How do you tell when it’s time to deprecate a system? If something mostly works OK, is it worth spending time and effort replacing its functionality?
At Artsy, we realized several years ago that we needed to be able to group a bunch of artworks together. If we wanted to have a page with all of the ceramics by Lucio Fontana, or contemporary prints from the IFPDA Fair Sprint 2022, or a gift guide curated by Antwaun Sargent, we needed to have a way to make that happen.
We decided to call these things “collections,” a reasonable name for a collection of artworks. In order to create them, we developed a service called KAWS, named after the artist (whose works we wanted to put in several of these collections).
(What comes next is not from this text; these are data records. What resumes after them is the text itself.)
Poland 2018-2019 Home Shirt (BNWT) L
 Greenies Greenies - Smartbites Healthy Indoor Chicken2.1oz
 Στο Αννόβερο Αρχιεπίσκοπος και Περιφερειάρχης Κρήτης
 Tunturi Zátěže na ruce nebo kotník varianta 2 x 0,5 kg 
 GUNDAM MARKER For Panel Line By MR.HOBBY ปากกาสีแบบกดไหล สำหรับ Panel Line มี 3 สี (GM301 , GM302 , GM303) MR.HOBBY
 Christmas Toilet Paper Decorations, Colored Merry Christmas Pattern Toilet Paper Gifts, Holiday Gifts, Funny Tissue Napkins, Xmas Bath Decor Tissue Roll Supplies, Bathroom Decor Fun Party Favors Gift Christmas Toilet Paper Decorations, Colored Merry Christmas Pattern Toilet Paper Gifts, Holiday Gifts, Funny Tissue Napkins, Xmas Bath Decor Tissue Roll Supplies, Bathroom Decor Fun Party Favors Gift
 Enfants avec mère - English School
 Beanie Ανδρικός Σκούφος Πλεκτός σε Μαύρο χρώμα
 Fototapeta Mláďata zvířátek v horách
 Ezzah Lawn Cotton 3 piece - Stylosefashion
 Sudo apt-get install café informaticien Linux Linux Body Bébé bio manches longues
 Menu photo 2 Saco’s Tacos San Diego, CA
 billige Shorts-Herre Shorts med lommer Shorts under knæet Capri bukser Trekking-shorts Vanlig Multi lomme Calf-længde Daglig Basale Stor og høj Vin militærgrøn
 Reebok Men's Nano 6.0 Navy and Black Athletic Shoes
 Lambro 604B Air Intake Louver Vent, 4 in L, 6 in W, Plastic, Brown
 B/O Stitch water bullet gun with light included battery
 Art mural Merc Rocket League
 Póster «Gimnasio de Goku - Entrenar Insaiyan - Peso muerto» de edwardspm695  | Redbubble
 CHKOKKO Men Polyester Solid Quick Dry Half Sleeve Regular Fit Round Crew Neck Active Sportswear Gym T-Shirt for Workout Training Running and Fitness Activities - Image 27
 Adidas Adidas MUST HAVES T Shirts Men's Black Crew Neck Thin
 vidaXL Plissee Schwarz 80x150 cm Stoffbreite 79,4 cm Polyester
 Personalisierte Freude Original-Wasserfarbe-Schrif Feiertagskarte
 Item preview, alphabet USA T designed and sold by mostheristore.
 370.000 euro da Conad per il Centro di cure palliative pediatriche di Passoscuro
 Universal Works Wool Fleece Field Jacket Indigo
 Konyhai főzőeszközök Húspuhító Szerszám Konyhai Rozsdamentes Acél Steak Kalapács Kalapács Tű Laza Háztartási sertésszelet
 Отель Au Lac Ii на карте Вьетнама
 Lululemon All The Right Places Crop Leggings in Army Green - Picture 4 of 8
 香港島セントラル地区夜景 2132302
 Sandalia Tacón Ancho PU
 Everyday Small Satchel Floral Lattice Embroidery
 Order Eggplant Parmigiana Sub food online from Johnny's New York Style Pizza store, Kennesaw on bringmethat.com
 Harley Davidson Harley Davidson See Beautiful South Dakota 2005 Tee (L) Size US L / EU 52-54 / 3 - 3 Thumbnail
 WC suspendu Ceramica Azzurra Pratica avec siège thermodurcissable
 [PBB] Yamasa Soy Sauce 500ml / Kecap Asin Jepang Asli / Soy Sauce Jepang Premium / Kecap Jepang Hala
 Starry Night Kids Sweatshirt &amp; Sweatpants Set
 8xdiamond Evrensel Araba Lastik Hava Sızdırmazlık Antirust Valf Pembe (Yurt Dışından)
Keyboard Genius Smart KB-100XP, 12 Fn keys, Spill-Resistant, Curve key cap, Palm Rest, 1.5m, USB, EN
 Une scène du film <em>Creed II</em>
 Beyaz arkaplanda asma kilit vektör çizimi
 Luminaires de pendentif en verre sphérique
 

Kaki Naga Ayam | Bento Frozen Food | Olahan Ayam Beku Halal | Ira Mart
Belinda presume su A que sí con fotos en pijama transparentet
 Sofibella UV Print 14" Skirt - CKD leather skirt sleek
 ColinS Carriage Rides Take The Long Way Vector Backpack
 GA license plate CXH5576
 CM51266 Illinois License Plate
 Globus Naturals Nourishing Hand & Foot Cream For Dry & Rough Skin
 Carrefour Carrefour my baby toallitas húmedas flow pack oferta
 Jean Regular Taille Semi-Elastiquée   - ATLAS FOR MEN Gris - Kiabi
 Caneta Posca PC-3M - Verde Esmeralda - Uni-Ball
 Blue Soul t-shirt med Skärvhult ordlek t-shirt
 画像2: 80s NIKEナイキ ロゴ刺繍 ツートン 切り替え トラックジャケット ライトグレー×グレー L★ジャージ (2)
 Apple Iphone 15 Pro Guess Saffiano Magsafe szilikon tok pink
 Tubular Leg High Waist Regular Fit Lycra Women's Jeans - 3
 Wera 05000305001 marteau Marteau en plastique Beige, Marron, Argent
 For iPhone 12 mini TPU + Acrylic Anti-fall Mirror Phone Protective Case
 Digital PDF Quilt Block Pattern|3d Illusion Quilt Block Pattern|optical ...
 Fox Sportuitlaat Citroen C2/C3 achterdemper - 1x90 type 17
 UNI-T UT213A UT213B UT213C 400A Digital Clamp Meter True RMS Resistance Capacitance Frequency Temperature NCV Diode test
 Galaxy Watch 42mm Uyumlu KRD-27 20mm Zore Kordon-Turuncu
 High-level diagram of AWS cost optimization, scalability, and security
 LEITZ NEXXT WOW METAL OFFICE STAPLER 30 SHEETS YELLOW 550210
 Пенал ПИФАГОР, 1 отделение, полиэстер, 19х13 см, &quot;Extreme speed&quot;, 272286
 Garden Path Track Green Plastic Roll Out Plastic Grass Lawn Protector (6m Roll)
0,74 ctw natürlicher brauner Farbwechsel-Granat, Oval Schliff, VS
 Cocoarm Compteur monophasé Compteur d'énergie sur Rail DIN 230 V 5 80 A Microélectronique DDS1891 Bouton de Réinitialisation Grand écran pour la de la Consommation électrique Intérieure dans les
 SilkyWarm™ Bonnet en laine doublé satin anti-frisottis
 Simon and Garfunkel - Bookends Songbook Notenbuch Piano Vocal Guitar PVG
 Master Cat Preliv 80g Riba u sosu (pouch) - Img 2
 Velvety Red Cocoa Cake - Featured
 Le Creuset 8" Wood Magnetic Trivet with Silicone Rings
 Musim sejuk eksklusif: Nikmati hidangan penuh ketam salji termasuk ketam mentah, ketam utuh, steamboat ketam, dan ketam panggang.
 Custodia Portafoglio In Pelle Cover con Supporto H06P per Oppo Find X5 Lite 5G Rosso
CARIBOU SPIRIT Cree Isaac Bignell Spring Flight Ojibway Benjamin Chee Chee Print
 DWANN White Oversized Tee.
Now, 4 years later, we’ve taken down the service and folded its functionality into Artsy’s main database and API, Gravity.
Let’s talk about why and what we learned along the way.
A little context
KAWS has a somewhat unusual design. It’s a server, a Node.js app with its own Mongo database, and it serves up a GraphQL API. It also relies on TypeORM to map TypeScript models to database records and TypeGraphQL to keep TS and GraphQL types in sync.
This makes it a bit different from most services Artsy maintains. Most of our APIs are Ruby on Rails apps, and we don’t have any other uses of TypeORM and TypeGraphQL. When it was created, it was a cool experiment with a possible direction for future APIs - one we decided not to pursue for the time being.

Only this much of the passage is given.